Dialogue with Alexandre Gilbert on Simone de Beauvoir*
*This Dialogue was originally posted, thanks to Alexandre Gilbert, on The Times of Israelblog, 30 September 2017, featuring all four parts. For reading's sake, these questions are reblogged here, now beginning with the very first on David Allison's 'New Nietzsche' and turning, now, to Simone de Beauvoir.
AG ::
AG ::
2.Would
you say Simone de Beauvoir’s feminism was a Nietzscheism ?
BB ::
Certainly! But at the
same time, de Beauvoir was very wide ranging and she, like Sartre and like Merleau-Ponty,
was influenced by Husserl and especially Heidegger. Yet Nietzsche’s gift for
seeing through overlayers of culture suffuses de Beauvoir — as a scholar with a
breadth of reading and focus to match Nietzsche’s own, de Beauvoir draws on
antiquity, anthropology, history, literature, political economy in addition to psychology
and sociology. And she almost echoes
Nietzsche’s trenchant observation: “It is men who need to be educated better.” In that spirit, de Beauvoir although her
focus was on women never did lose sight of a kind of non- (or better said: not only) Hegelian but
Nietzschean dialectic attunement, looking not only at women but at the dynamic
with the ‘other.’ This was Nietzsche’s
variation on the master-slave dialectic and it foregrounded what de Beauvoir
called women’s complicity and the very grave dangers to woman’s being in the
world, existentially expressed to be sure, as de Beauvoir, before Hannah Arendt
already paid attention to the dynamic of lived life in all the dimensionalities
of a human lifetime, from birth to death.

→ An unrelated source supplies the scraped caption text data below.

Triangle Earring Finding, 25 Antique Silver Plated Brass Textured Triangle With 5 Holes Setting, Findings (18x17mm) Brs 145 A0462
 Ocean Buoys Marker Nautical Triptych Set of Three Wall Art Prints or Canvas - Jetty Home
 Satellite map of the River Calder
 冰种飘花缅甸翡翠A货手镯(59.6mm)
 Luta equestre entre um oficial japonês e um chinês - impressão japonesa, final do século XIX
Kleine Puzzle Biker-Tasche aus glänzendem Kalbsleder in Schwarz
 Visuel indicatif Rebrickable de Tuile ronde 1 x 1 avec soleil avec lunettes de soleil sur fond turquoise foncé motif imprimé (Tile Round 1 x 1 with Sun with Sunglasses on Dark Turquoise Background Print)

The American de Beauvoir scholar,
Debra Bergoffen captures one aspect of the Nietzschean focus on educating men
better, as she remarked on The Hallelujah
Effect where I speak of the great Leonard Cohen regarding his often-observed
womanizing, to point out that women were not what his focus was about: it was
for Cohen as she noted the point I tried to make in my book about a certain tendency to male self-absorption, not ultimately
misogynistic because Cohen’s focus was always Cohen.